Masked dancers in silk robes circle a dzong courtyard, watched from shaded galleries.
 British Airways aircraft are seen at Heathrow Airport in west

****************

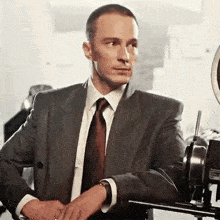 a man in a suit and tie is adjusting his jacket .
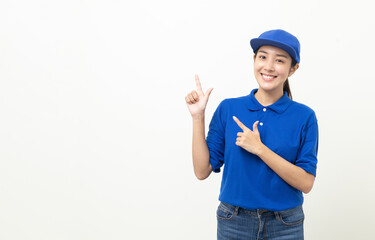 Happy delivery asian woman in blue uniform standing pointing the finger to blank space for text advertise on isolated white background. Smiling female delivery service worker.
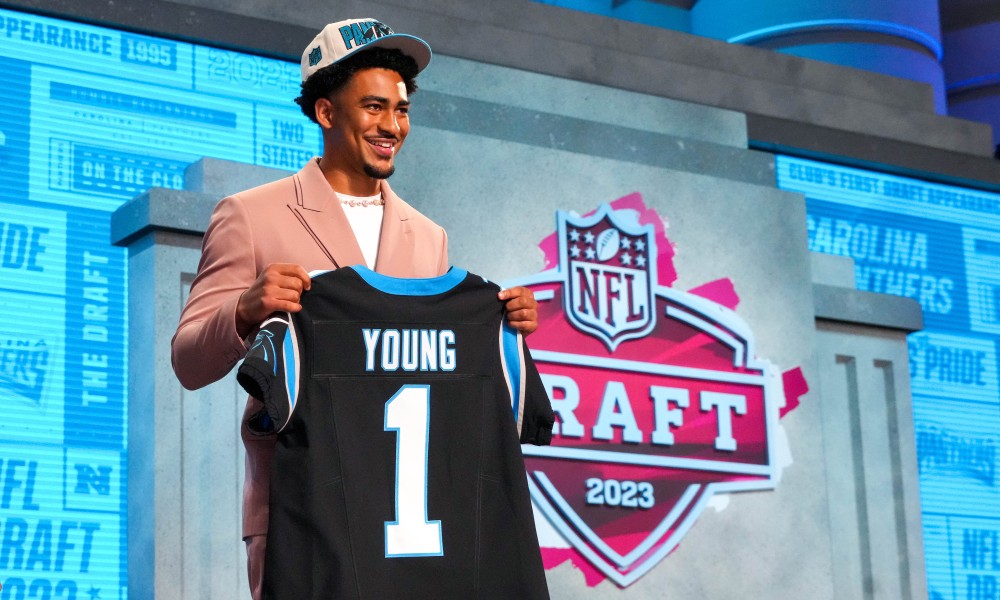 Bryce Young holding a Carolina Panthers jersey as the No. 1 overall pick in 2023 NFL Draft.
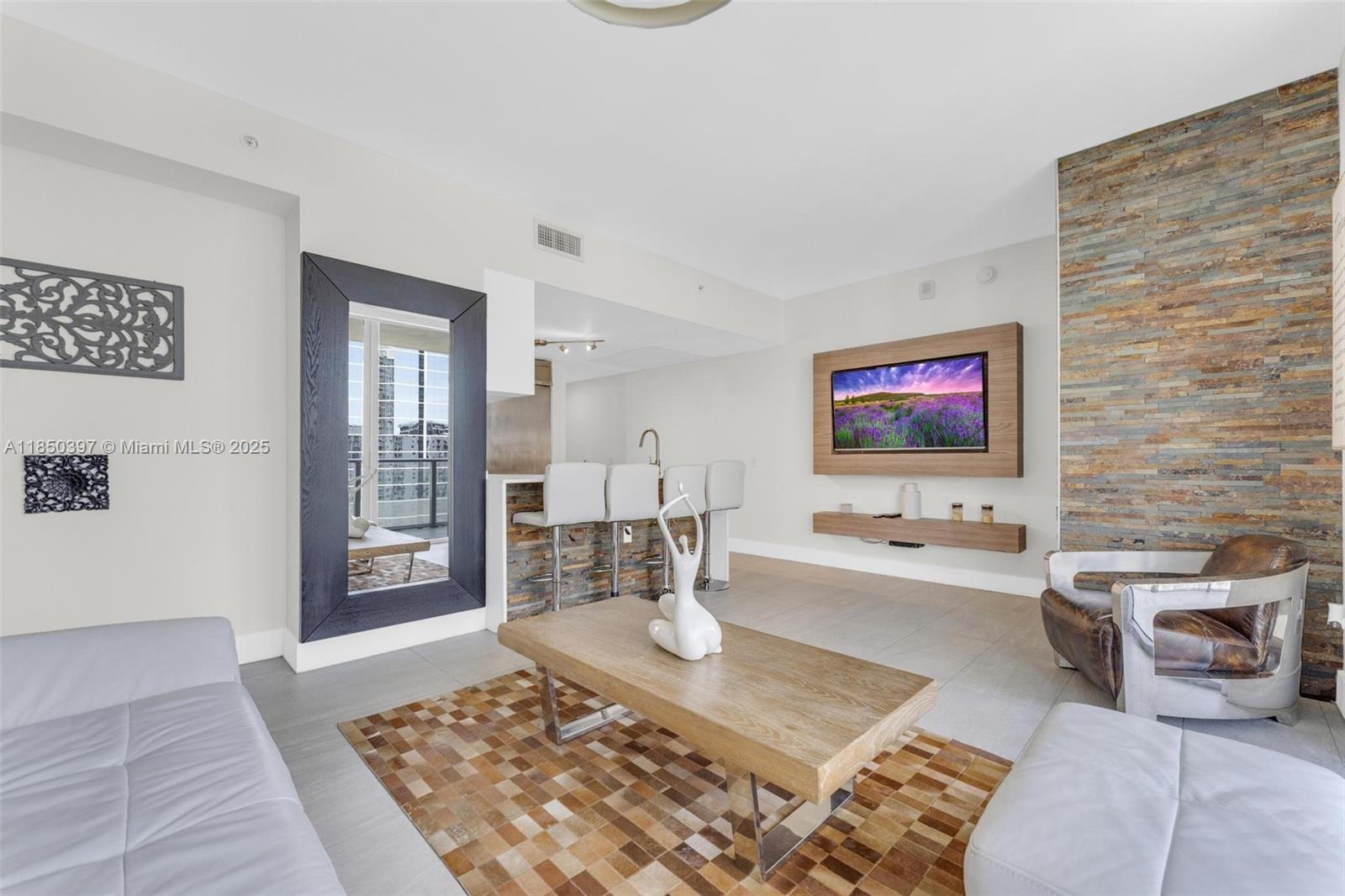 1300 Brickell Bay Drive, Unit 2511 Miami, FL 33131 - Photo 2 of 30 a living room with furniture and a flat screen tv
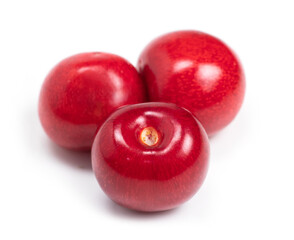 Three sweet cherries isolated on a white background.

****************

• [REQUIREMENT]: Your copy should hold only the lines above from the one containing "1300 Brickell Bay" through the one containing "Three sweet cherries", exactly as written and free of pictures.

• [TASK OUTPUT]:
 1300 Brickell Bay Drive, Unit 2511 Miami, FL 33131 - Photo 2 of 30 a living room with furniture and a flat screen tv
 Three sweet cherries isolated on a white background.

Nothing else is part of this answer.